Thursday, 11 June 2015

strange_complex: (Dracula 1958 cloak)
I was planning to write about my holiday to Romania today, but then I woke up after a much needed lie-in to the news that Christopher Lee had died, and the truth is it would probably never have occurred to me to want to go to Romania at all if it hadn't been for him. So I will write about him instead.

I've long known that I first saw him in Hammer's Dracula (1958) when I was eight years old, and thanks to the Radio Times online archive I've recently been able to pin that down a little more precisely. On 28th December 1984, BBC Two broadcast a late night double-bill of The Curse of Frankenstein and Dracula. My Dad recorded it on our at that time very new and exciting home video recorder, and soon afterwards (I don't know exactly how soon, but within a few days or weeks, I think) decided that these X-rated films would be suitable viewing for his eight-year-old daughter.

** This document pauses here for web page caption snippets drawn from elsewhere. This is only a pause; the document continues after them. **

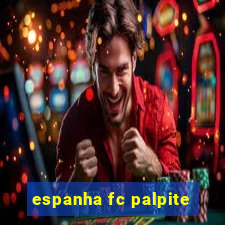 espanha fc palpite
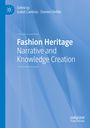 : Fashion Heritage, Buch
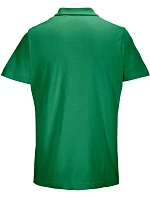 SOL'S Pulse Unisex piqué polo 25.4502 kelly green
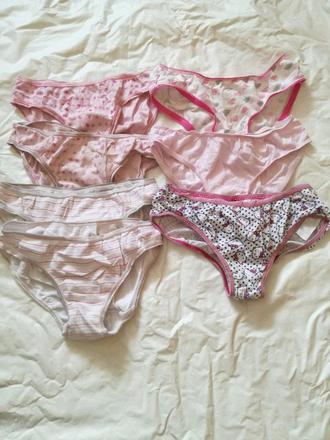 Spodní kalhotky, 128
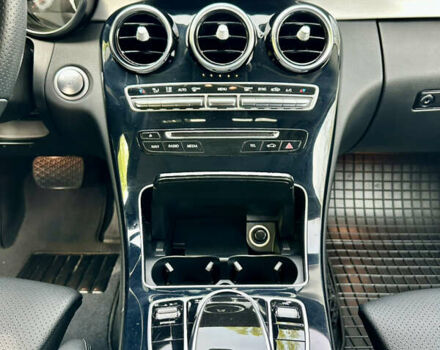 Серый Мерседес Ц-Класс, объемом двигателя 2.2 л и пробегом 98 тыс. км за 27000 $, фото 18 на Automoto.ua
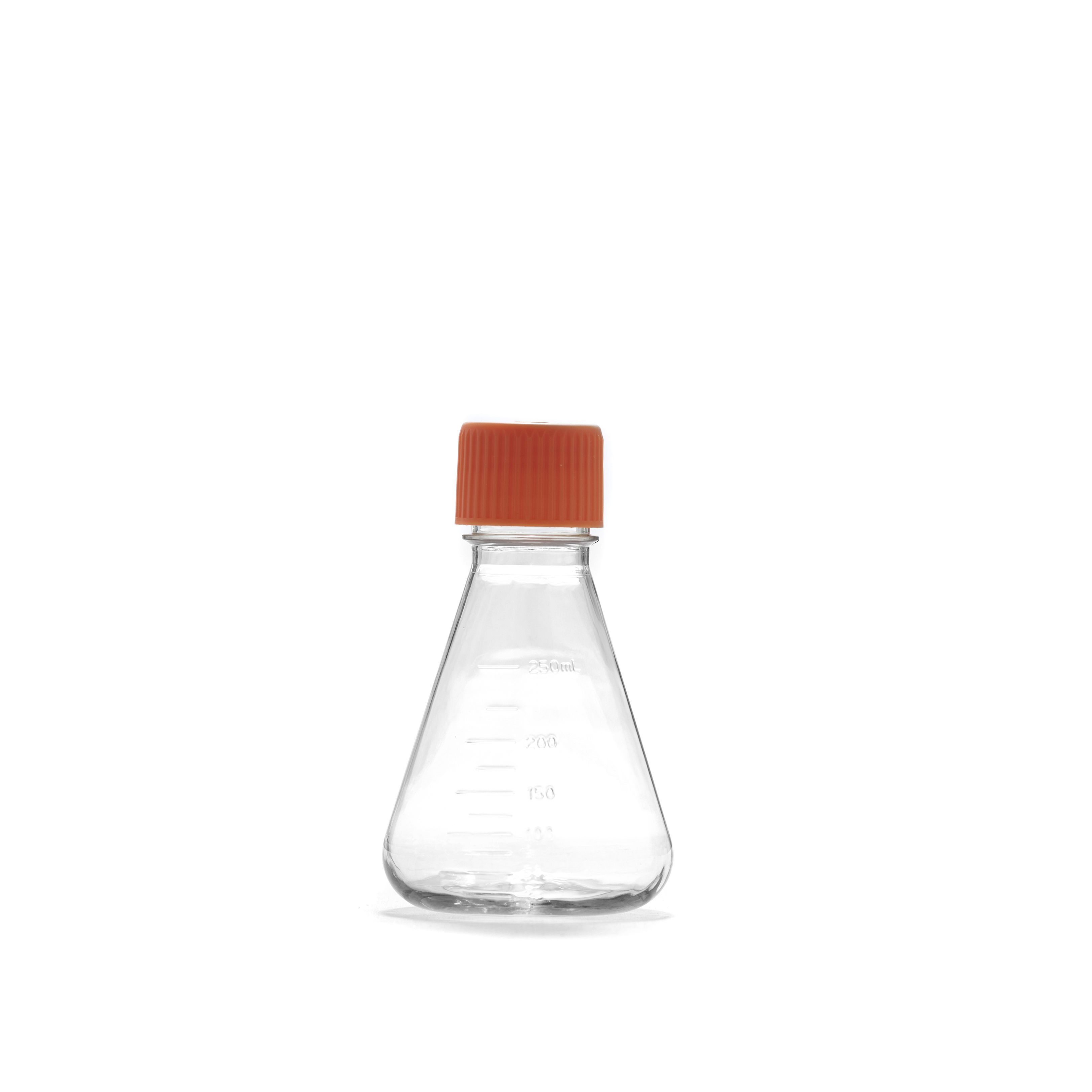 MATRAZ ERLENMEYER DE 250ml ESTÉRIl. CORNING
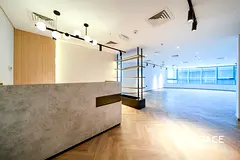 Vacant | Luxury Fit Out | Near Metro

He knew what he was doing. Dracula in particular struck a chord with me which has resonated ever since. Within a year, I had bought and devoured the novel. Within two, I had moved outwards into the wider world of vampire fiction. Within three I had bought my personal horror bible, and was busy working my way through its Vampire chapter with a particular focus on Hammer's other Dracula movies. I have carried on in much the same vein ever since - and it was absolutely definitively Lee's performance as Dracula which started it all.

ad72024.jpg

If it hadn't been for him, I wouldn't have spent my teens steeping myself in Gothic fiction and horror movies. As a result, I would probably never have felt inclined to drift into the Gothic sub-culture in my Bristol days, or have made all the friends I did then and later as a result. I could never have watched The Wicker Man when I got to Oxford, might never have felt the same resonances in the city's May Day celebrations, and would never have had the Wicker Man holiday which [livejournal.com profile] thanatos_kalos and I enjoyed two years ago in Scotland. Indeed, I would never have watched any of the awesome movies on this list - or any of the rubbishy second-rate ones, either, which I have hunted down and sat through (often accompanied by the ever-patient [livejournal.com profile] ms_siobhan) just because he was in them. Nor would I recently have bothered reading all about the real life Vlad III Dracula. My parents going to Romania in 1987 would have meant nothing particular to me, and nor would I have joined the Dracula Society and gone on the holiday there with them which I have just got back from.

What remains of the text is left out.